- Herty Herty
- Coordinates: 31°21′23″N 94°41′00″W﻿ / ﻿31.35639°N 94.68333°W
- Country: United States
- State: Texas
- County: Angelina
- Elevation: 312 ft (95 m)
- Time zone: UTC-6 (Central (CST))
- • Summer (DST): UTC-5 (CDT)
- Area code: 936
- GNIS feature ID: 1359085

= Herty, Texas =

Herty is an unincorporated community in north central Angelina County, Texas, United States. According to the Handbook of Texas, the community had a population of 605 from 1970 through 2000. It is located within the Lufkin, Texas micropolitan area.

== History ==
The establishment of the Southland Paper Mills adjacent to the Angelina and Neches River Railroad in 1940 led to the creation of Herty.
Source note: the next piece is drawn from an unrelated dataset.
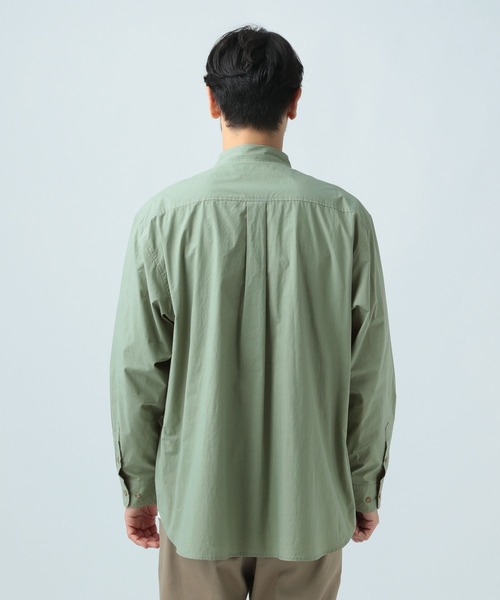 BAYFLOW（ベイフロー）の「STDタイプライターシャツ（シャツ/ブラウス・メンズ・ブラック/オフホワイト/カーキ・MEDIUM/LARGE）」の17枚目の写真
The area is named after Dr. Charles Herty, a Georgia chemist who developed the first process to create paper from southern pine. He was also a co-founder of Southland Paper. Most of the community's residents worked at the paper mill.

The population of Herty was 1,400 in 1960 and 605 from 1970 through 2000.

==Geography==
Herty is located three miles east of Lufkin at the intersection of State Highway 103 and Farm to Market Road 842.

==Education==
Herty is a part of the Lufkin Independent School District. Herty Primary School is located in the community.